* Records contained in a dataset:
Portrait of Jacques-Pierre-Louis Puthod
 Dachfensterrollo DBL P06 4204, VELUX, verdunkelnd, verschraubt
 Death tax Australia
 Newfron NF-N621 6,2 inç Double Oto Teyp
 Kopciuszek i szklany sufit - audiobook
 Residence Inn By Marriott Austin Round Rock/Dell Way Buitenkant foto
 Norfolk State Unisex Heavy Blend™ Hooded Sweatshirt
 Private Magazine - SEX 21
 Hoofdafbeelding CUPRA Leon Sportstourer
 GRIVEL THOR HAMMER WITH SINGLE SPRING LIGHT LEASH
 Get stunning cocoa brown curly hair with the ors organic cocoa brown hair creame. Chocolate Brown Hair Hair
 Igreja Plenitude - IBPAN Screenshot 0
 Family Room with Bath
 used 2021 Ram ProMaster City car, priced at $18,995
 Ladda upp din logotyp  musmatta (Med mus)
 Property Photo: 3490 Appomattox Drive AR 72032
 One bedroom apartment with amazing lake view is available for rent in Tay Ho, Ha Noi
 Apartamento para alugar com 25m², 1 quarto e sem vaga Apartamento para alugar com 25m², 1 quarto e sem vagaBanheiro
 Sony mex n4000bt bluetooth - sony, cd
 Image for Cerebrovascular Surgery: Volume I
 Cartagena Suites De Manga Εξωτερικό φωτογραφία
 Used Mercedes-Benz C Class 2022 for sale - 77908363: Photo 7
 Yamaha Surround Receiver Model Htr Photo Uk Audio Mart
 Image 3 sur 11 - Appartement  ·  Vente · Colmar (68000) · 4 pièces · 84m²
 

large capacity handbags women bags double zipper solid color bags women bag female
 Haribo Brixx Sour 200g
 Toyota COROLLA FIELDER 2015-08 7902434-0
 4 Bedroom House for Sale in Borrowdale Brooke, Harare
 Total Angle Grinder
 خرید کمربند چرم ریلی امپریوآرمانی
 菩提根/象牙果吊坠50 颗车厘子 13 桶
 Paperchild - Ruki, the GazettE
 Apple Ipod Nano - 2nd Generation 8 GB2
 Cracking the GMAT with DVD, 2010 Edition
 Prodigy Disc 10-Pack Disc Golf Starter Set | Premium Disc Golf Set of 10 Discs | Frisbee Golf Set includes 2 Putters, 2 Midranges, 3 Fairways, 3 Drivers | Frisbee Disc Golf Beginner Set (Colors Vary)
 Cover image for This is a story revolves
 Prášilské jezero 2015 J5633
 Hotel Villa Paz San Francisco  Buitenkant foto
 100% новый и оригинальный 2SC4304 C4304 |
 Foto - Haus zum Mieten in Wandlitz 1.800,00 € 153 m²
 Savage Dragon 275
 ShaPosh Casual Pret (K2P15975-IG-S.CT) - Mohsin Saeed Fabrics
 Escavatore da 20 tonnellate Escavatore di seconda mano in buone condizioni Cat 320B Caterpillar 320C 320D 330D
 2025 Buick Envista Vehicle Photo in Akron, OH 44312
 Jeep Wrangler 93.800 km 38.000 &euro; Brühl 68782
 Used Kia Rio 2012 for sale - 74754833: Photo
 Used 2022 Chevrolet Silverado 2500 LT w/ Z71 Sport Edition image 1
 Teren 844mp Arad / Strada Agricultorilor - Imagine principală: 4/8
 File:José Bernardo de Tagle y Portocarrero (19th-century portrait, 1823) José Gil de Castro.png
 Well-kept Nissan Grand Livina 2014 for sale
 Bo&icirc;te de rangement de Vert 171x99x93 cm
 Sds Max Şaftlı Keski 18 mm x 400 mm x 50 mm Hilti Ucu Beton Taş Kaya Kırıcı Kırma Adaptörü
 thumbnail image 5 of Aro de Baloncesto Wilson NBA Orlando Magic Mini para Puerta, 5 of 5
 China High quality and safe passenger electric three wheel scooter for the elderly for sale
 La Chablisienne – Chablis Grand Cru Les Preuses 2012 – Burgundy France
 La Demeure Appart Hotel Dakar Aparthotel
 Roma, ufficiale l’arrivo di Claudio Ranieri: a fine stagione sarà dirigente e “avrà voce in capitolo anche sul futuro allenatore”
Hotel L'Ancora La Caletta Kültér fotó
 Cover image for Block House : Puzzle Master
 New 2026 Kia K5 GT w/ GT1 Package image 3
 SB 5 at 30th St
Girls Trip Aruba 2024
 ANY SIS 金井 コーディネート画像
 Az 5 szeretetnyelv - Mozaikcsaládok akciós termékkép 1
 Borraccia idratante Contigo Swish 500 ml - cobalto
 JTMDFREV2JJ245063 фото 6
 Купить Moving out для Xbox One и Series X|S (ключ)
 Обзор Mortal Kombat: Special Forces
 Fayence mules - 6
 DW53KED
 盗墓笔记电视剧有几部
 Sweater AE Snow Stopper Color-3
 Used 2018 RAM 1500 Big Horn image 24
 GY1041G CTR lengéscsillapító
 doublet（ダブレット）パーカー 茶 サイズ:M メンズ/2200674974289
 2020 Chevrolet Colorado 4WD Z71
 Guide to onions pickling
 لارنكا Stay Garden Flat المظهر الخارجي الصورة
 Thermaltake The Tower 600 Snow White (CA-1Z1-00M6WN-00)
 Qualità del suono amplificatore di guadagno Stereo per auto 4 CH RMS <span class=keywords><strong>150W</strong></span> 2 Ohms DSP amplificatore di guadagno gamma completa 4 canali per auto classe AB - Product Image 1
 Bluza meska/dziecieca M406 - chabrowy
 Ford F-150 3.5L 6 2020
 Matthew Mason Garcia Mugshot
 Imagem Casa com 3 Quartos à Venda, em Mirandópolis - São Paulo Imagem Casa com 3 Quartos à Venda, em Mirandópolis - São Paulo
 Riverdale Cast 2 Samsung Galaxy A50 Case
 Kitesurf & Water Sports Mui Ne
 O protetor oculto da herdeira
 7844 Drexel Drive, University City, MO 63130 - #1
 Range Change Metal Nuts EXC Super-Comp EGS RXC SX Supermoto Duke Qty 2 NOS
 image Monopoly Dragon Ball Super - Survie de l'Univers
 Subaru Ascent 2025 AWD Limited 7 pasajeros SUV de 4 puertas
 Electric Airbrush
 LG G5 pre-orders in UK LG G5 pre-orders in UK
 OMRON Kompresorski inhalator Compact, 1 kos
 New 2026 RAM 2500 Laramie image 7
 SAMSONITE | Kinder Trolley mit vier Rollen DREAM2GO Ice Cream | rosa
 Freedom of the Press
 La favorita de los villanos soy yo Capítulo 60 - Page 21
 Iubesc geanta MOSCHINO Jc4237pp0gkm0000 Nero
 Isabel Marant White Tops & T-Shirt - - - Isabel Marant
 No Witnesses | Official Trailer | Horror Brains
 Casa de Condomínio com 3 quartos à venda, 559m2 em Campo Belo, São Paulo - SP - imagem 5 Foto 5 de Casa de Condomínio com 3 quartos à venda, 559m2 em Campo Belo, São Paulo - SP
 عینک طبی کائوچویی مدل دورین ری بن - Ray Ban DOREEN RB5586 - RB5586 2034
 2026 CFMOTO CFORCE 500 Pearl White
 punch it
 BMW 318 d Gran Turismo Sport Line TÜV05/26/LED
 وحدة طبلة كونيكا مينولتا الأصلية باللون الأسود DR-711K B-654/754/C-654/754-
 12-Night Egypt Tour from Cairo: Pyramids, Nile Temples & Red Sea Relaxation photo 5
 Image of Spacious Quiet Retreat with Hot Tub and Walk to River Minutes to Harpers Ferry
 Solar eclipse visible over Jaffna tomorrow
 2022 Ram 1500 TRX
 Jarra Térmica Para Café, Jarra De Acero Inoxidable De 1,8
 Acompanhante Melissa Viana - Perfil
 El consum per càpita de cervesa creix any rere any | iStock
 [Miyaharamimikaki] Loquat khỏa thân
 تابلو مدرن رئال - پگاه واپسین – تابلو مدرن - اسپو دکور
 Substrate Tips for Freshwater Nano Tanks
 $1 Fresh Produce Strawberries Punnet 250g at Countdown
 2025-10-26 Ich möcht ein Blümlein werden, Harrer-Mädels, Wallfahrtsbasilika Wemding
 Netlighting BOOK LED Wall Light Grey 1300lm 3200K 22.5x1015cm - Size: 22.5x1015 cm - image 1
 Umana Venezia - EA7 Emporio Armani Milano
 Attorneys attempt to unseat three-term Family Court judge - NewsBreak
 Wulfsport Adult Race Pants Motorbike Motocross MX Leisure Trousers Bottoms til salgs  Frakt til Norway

* Description of the task:
In the entries above, find each line containing the string "Super" and copy it.

* Exercise answer:
 Range Change Metal Nuts EXC Super-Comp EGS RXC SX Supermoto Duke Qty 2 NOS
 image Monopoly Dragon Ball Super - Survie de l'Univers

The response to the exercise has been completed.